Por Soraia Abreu Pedrozo
Saíram das linhas de montagem 4,5 mil chassis de ônibus no primeiro bimestre, 5,4% acima dos dois meses iniciais de 2025, quando foram produzidas 4,2 mil unidades. Somente em fevereiro foram 2,7 mil unidades, acréscimo de 48,5% frente aos 1,8 mil de janeiro e 8,8% acima dos 2,4 mil de igual mês no ano passado, apontam dados da Anfavea.
Ao mesmo tempo em que é vista reação por parte das fabricantes de chassis o segmento está com o pé no freio dos emplacamentos, à espera do andamento de licitações públicas. As vendas diminuíram 33,4% no acumulado de 2026, com 2,4 mil veículos contra 3,7 mil no mesmo período em 2025.

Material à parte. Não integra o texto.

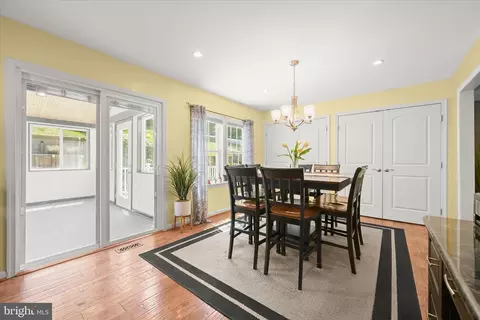 Dining - 6206 Fairbourne Ct, Hanover, MD 21076 photo 2 of 3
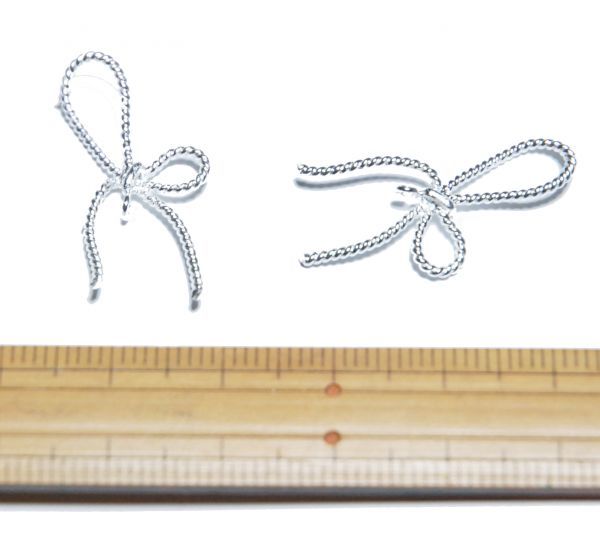 アクセサリー パーツ 金具 フェミニンなロープリボン シルバー 5個拍卖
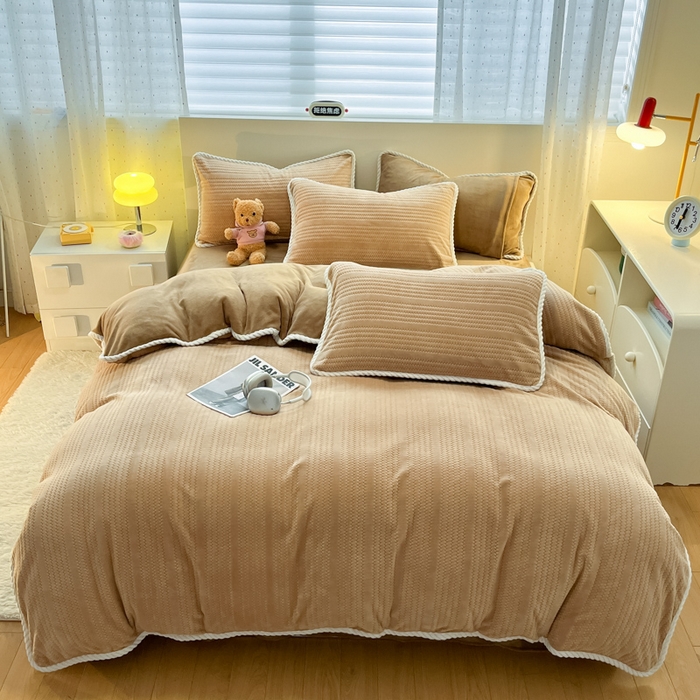 91家纺网 家纺一手货源 找家纺 小叮当家纺仓储工厂店 2025新款亲肤舒适成品提花包边牛奶绒四件套-提花 提花-杏咖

No mês passado, o comércio de ônibus, de 1,3 mil unidades, ficou 33,1% abaixo dos 1,9 mil de fevereiro do ano passado, mas, em comparação com janeiro, em que os emplacamentos somaram 1,1 mil unidades, houve crescimento de 10,7%.
E, com base no cenário previsto para este segmento, que tem parcela expressiva fiada no programa do governo federal Caminho da Escola, as dificuldades deverão continuar: o FNDE, Fundo Nacional de Desenvolvimento da Educação, confirmou a suspensão temporária, mais uma vez, da licitação de 7 mil 470 ônibus, aguardada para o início deste mês, o que foi noticiado por reportagem da Agência AutoData um dia antes da publicação no Diário Oficial da União.

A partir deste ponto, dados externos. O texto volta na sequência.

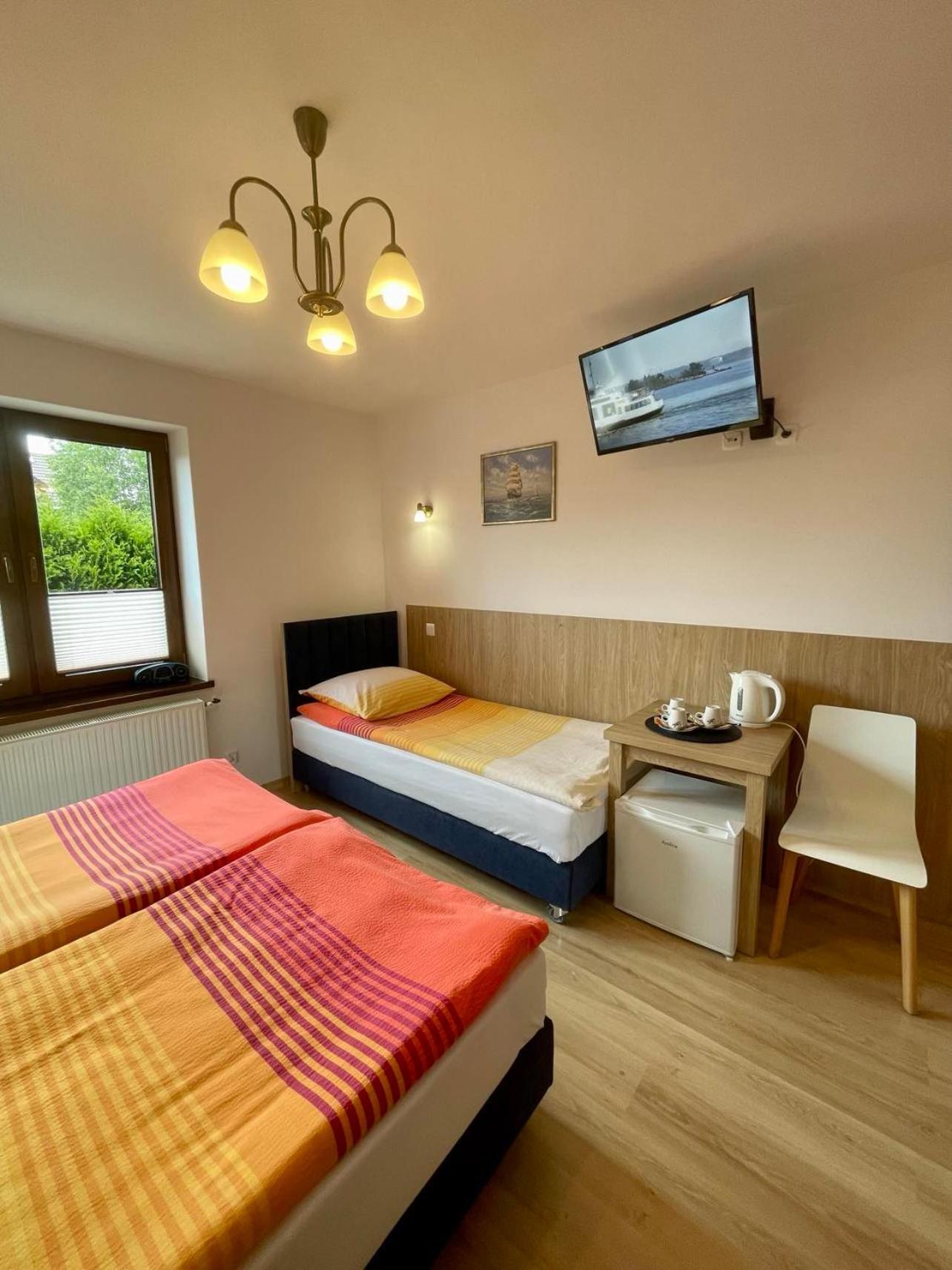Hotel Jantar Ostrowo  Esterno foto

A medida foi tomada, conforme o órgão, em razão de recentes alterações no marco legal e tributário que incidem sobre a aquisição de ônibus: “O novo contexto normativo impacta diretamente a composição de custos, a formação de preços e as condições de contratação, exigindo análise criteriosa para assegurar segurança jurídica, economicidade e isonomia aos participantes do certame”.
O governo federal decidiu voltar a cobrar, a partir de 1º de abril, impostos como PIS/Cofins e IPI, que destrava a isenção do ICMS, desde 2007, e onera de forma significativa a indústria, tanto fabricantes de chassis como encarroçadores. O presidente executivo da Anfavea, Igor Calvet, admitiu que este é assunto que traz grandes preocupações à entidade, por desencadear forte impacto sobre o setor.

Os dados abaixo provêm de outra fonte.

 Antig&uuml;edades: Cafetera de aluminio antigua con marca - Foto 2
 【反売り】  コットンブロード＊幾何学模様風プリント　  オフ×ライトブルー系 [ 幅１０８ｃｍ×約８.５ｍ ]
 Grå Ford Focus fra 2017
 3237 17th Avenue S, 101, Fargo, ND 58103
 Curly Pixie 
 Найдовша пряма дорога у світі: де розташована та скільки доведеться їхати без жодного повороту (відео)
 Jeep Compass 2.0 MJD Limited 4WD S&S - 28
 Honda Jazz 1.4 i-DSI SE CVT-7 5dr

“Há produtos que foram vendidos com uma regra tributária e agora serão entregues com outra, o que não foi computado em seu preço. Este é um problema extremamente grave. A Anfavea não só está ciente como está trabalhando junto do Confaz [Conselho Nacional de Política Fazendária] e de secretários da Fazenda para que esta alteração não venha a incidir sobre nós.”
De acordo com Calvet na próxima semana há reuniões agendadas com o governo para debater o assunto. E, recentemente, a Fabus, Associação Nacional dos Fabricantes de Ônibus, ingressou com ação no Confaz pedindo a retirada da cobrança do ICMS, que é o que mais pesará sobre os custos dos veículos.
O FNDE informou que já mantém diálogo com os órgãos competentes e com as instâncias responsáveis pela política tributária, “com o objetivo de identificar os caminhos possíveis e viabilizar a republicação do certame no menor prazo possível, preservando a regularidade do processo e o interesse público”.